Leaving out the pictures, return word for word the stretch of entries below from the line holding "Skoda Scala 2026" through the line holding "Asus Asuspro P".
── Task inputs
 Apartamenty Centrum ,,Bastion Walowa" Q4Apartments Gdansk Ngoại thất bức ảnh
────
── Task inputs
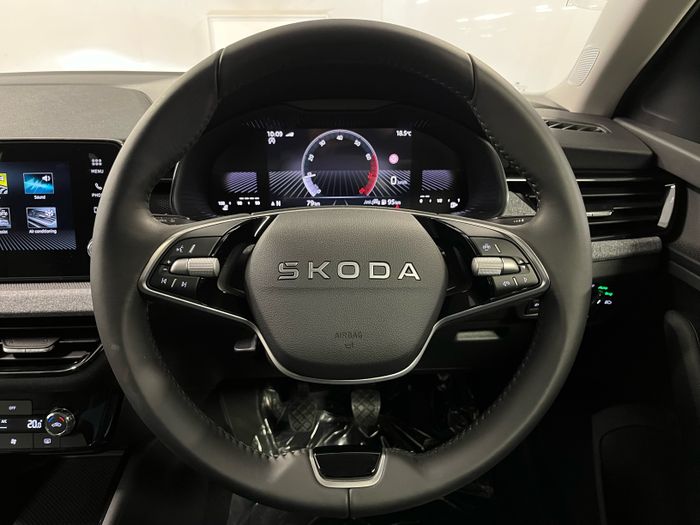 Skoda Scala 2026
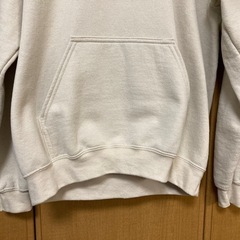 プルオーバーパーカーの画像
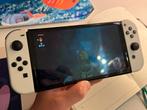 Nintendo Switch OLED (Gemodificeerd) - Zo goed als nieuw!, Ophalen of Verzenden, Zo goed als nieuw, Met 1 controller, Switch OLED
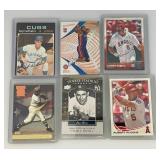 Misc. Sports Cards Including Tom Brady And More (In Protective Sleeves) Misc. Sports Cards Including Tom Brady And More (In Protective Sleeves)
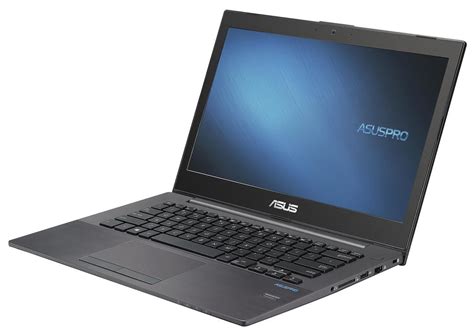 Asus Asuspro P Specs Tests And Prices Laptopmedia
────
**Result of this exercise:**
 Skoda Scala 2026
 プルオーバーパーカーの画像
 Nintendo Switch OLED (Gemodificeerd) - Zo goed als nieuw!, Ophalen of Verzenden, Zo goed als nieuw, Met 1 controller, Switch OLED
 Misc. Sports Cards Including Tom Brady And More (In Protective Sleeves) Misc. Sports Cards Including Tom Brady And More (In Protective Sleeves)
 Asus Asuspro P Specs Tests And Prices Laptopmedia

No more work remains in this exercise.